研究課題
基盤研究(C)
病原性抗酸菌の主要抗原の一つとしてMajor Membrane Protein-II(MMP-II)を同定した。精製したMMP-IIを用い正常健常者末梢単球由来樹状細胞を刺激すると、大量のIL-12p70及びTNFαを産生した。さらに、MMP-IIパルス樹状細胞を抗原提示細胞として用い、自己のCD4陽性及びCD8陽性T細胞を刺激すると、MMP-IIの濃度依存性にT細胞は活性化されIFN-γを産生した。さらに、MMP-IIを樹状細胞にパルスすると、樹状細胞表面のMHC class I・Class II・CD86・CD83抗原の発現が増強し樹状細胞は活性化された。また、MMP-IIに対するモノクローナル抗体を作製し、樹状細胞に抗酸菌を感染させた後、その表面を解析するとMMP-IIの発現が確認された。そこで、抗酸菌に対する自然免疫反応と密接に関係するTLR-2とMMP-IIの相互作用を検討した。
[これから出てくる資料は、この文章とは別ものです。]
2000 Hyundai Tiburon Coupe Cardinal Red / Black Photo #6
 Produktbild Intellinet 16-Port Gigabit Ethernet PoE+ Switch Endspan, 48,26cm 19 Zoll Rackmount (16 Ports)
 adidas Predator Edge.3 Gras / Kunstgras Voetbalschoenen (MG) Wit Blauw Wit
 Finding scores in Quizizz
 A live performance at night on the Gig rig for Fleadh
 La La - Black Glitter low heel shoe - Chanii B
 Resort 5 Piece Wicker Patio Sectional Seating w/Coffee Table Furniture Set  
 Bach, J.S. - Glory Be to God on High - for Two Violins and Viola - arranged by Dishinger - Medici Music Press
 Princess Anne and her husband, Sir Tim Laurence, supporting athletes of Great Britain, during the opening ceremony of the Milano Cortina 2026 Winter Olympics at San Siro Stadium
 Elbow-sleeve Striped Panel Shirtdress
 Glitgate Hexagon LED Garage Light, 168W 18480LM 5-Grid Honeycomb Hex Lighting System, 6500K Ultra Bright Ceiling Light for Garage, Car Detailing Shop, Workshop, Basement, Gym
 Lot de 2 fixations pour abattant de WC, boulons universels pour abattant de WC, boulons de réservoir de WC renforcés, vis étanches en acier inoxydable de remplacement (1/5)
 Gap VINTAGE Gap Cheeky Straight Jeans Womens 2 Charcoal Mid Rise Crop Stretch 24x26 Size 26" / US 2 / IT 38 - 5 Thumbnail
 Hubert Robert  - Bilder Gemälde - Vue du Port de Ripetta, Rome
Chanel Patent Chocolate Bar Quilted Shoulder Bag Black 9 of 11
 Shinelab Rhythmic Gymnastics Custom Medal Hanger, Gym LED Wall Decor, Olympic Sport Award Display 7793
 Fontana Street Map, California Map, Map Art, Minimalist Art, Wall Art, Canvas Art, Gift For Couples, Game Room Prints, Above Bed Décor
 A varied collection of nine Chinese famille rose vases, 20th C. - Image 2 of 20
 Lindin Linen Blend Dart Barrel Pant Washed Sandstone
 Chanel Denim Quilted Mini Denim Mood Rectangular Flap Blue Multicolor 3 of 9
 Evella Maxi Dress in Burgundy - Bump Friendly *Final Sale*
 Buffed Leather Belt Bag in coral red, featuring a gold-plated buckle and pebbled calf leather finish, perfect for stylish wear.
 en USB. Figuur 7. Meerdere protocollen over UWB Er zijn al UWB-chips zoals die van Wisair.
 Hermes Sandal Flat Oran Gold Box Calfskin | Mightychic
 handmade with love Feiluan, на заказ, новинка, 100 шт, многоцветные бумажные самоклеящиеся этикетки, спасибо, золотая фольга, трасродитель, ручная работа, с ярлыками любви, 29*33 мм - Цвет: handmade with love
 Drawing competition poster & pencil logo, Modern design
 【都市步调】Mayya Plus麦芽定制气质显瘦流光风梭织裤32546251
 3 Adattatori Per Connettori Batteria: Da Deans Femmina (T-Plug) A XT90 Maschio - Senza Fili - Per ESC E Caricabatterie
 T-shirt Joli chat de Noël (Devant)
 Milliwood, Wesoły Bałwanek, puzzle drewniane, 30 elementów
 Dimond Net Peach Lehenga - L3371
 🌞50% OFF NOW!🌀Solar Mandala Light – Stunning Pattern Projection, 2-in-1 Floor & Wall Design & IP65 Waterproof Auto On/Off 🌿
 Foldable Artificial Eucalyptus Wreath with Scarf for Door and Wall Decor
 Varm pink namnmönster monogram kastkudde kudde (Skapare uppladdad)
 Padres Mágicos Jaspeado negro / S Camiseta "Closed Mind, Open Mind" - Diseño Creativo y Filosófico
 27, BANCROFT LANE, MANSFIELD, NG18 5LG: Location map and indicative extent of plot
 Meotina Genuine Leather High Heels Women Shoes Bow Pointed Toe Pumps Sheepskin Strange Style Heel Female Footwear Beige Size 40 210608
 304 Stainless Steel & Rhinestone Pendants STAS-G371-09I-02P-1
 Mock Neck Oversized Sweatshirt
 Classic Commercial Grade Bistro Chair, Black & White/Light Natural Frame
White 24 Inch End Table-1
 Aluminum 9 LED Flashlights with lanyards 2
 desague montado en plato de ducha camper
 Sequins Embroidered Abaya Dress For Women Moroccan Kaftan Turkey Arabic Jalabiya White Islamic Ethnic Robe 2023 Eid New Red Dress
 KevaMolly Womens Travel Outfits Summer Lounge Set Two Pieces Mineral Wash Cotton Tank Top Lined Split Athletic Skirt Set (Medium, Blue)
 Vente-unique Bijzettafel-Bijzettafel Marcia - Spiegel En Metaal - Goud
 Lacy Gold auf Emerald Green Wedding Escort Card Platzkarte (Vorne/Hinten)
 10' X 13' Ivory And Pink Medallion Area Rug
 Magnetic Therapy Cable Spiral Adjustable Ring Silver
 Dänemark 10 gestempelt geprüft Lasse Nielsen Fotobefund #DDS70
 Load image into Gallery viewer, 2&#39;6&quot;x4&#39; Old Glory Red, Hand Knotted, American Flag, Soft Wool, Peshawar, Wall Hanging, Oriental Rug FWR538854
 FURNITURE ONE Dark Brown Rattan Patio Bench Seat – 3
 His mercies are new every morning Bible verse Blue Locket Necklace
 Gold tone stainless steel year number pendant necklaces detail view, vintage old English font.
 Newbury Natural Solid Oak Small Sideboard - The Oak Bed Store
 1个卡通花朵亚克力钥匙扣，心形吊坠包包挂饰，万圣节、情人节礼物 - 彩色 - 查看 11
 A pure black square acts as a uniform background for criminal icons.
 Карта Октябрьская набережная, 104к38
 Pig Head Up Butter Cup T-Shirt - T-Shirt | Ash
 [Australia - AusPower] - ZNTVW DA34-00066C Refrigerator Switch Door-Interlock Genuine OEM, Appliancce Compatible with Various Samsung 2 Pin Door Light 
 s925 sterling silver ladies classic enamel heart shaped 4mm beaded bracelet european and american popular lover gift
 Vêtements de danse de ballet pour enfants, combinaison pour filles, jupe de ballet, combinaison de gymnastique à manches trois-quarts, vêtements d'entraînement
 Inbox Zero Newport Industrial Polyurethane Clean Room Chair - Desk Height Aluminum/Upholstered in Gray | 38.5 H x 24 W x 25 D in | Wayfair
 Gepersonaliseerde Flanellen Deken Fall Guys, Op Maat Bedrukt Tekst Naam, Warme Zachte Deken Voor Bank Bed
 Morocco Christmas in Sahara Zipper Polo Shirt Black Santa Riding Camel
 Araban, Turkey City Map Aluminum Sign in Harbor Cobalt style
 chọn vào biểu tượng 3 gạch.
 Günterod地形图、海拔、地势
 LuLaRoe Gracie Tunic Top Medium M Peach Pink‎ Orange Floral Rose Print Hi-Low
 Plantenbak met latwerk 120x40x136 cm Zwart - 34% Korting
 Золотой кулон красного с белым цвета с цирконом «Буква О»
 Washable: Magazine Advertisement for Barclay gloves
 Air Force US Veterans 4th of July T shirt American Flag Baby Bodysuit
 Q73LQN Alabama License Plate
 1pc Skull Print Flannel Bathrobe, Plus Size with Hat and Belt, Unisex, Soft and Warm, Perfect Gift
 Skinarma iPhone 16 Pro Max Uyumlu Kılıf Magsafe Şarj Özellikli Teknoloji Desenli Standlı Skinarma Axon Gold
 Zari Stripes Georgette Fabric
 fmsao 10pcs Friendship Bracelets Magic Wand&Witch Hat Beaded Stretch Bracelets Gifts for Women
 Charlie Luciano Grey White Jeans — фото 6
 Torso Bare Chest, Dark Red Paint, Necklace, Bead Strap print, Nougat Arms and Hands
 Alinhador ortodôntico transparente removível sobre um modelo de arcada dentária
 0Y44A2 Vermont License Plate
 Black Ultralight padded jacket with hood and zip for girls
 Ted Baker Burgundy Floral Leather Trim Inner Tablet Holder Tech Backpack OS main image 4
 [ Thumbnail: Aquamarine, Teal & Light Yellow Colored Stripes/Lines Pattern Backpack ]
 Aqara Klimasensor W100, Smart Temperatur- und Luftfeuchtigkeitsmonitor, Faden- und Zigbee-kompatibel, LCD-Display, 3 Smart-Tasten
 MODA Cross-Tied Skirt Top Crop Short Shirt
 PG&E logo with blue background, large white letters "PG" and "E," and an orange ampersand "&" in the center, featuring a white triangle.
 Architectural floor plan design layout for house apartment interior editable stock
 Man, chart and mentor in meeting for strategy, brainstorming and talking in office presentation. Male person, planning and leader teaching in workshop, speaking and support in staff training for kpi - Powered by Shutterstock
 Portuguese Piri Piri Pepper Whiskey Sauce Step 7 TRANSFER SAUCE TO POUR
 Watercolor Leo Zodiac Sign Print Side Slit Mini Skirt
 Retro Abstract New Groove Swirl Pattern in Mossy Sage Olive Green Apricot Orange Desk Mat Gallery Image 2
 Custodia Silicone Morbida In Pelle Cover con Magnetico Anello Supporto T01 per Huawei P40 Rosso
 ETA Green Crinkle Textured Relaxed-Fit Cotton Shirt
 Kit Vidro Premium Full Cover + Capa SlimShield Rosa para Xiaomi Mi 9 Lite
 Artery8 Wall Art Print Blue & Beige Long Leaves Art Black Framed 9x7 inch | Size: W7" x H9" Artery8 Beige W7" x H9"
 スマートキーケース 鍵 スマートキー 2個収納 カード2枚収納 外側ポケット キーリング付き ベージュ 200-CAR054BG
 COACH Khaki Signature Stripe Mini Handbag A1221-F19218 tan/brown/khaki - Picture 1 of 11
TLR-2をHEK293細胞に導入すると、本細胞はMMP-II刺激を受けてNF-κBを活性化させた。さらに、TLR-2に対するモノクローナル抗体存在下で、MMP-IIを用い樹状細胞を刺激するとIL-12p70の産生能は抑制された。次いで、抗酸菌細胞膜に存在するMMP-IIは生体内で免疫担当細胞によって認識され得るか検索するため、抗酸菌感染症患者の末梢血より樹状細胞及びT細胞を分離し、樹状細胞を介してT細胞が活性化されるか検討した。その結果、ナイーブのT細胞のMMP-IIに対する反応性は、正常健常者と抗酸菌感染患者の間に有意の差はなかったが、メモリータイプのCD4陽性T細胞及びCD8陽性T細胞はいずれも患者において有意に強く活性化された。このことは、MMP-IIは生体内においてMMP-IIを認識し、抗酸菌感染患者T細胞はMMP-IIによって感作され得ることを示唆しているものと想定された。従って、MMP-IIは自然免疫及び獲得免疫の両者を活性化し、抗酸菌に対する生体防御反応として重要なタイプ1T細胞を賦活し得る分子であって、新しいワクチンの開発に中心的役割を果たし得るものと考えられた。